According to data from Freddie Mac, the average 30-year mortgage rate has jumped 0.13 percentage points to 6.77% this week. This marks the highest rate since mid-December and represents the largest week-over-week increase since late October. Last week, the average rate was at 6.64%.
The recent increase in rates can be attributed to hotter-than-expected economic data released on Tuesday. “On the heels of consumer prices rising more than expected, mortgage rates increased this week,” stated Sam Khater, chief economist at Freddie Mac.
As mortgage rates are one of the main factors influencing housing costs, their movement is closely watched as the spring home buying season approaches.

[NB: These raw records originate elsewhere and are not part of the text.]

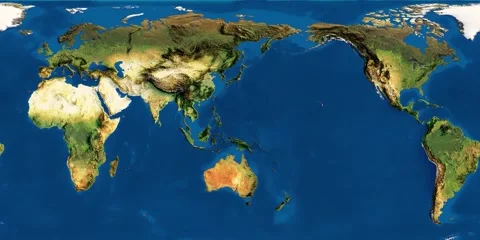 Seamless 4K Earth Rotation Loop for Fulldome Projection Video stock 338392811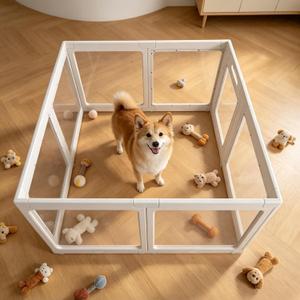 Clear Acrylic Dog Playpen with Door, (White, 23.6H, 8 Panesls), Indoor Dog Fence with Safety Lock, Easy Clean Play Pen for Dogs & Pets, Tool-Free Setup, for Puppies & Small Dogs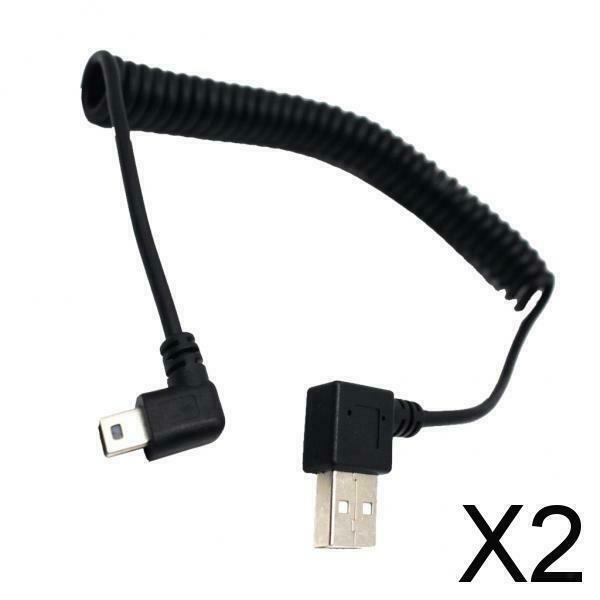 2X 90 Degree Angled, USB 2.0 A Male to Left Angle Mini B 5p Male Spring Cable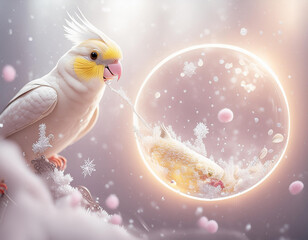 The image creates a feeling of sweetness and lightheartedness. The combination of the cute bird and the soap bubble evokes a sense of childlike wonder.
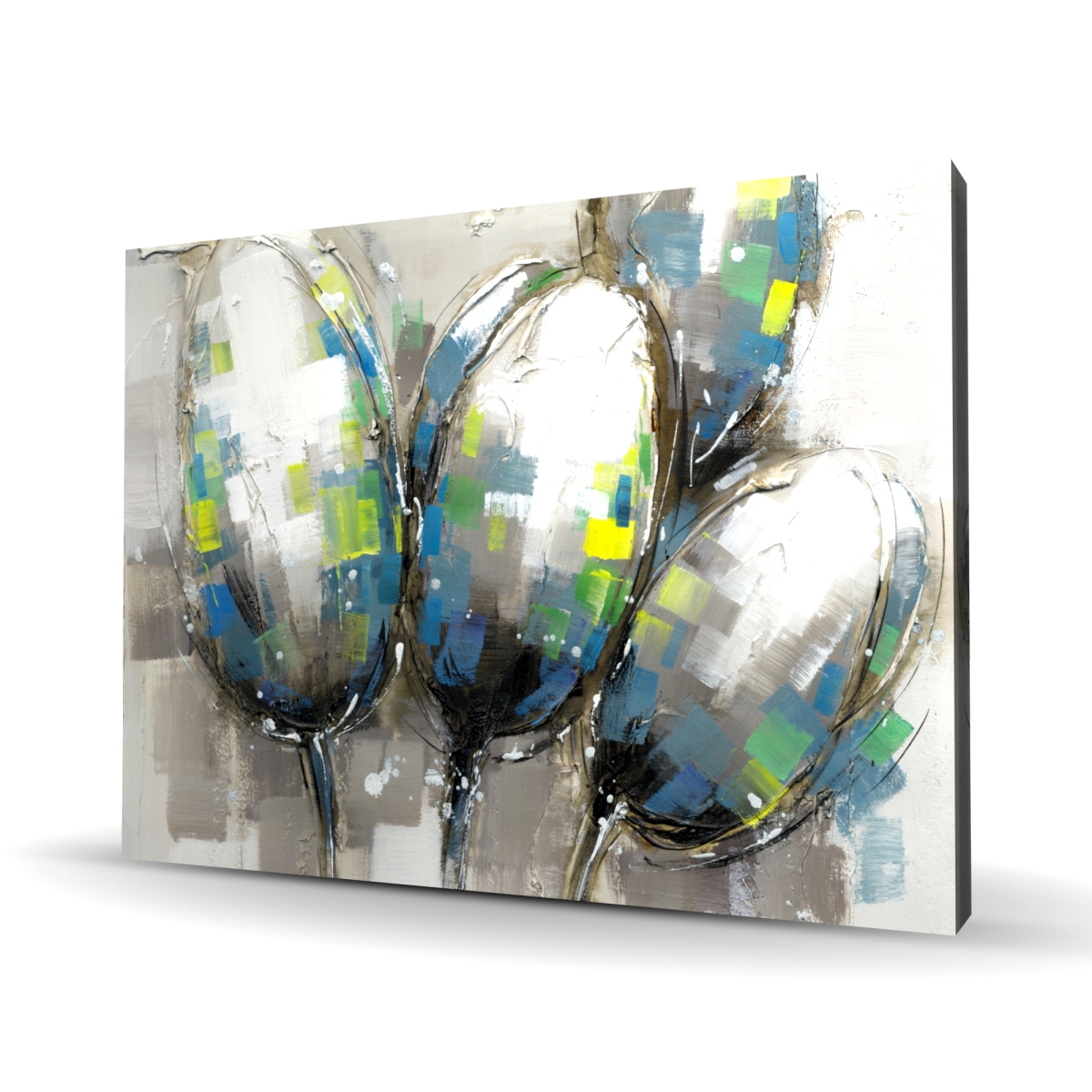 C1RC364855VDPH 36 x 48 in. Abstract Blue Tulips - Gray Floral Canvas for Home Decor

Khater expressed concerns about the potential impact on the market: “The economy has been performing well so far this year and rates may stay higher for longer, potentially slowing the spring homebuying season.”
Early indications suggest a mixed market sentiment. While applications for home purchase loans have seen a slight increase compared to last year’s lows, home prices have risen from the previous year.
In January, consumer sentiment regarding the housing market, as measured by Fannie Mae, showed an upswing. Consumers expressed a greater sense of job security and expected mortgage rates to decline in the next 12 months.
Sentiment improves among home builders in February
According to the National Association of Home Builders, sentiment among home builders improved in February. The anticipation of a surge in buyers entering the marketplace is attributed to pent-up demand and the possibility of declining mortgage rates.
Slow start for home purchases
However, data from Redfin suggests that these positive indicators have not yet translated into increased home purchases. Pending sales for the four weeks leading up to February 11th were 7.3% lower compared to the same period last year.
Sluggish home buying activity
Redfin’s lead economist, Chen Zhao, attributes the sluggish home buying activity to persistently high mortgage rates. In a statement, he mentioned that rates near 7% are expected to persist in the near-term due to the Federal Reserve’s unlikely decision to cut interest rates at its upcoming March meeting. Additionally, home prices have risen by approximately 6% compared to last year, marking the largest four-week increase since October 2022.
Hope for the spring market
Despite the slow start, Zhao believes that activity is likely to pick up in the spring season. He attributes this anticipation to both the selling season and buyers becoming more accustomed to elevated rates. Furthermore, Zhao expects mortgage rates to begin declining later in the spring as inflation eases and the Federal Reserve finally starts cutting interest rates.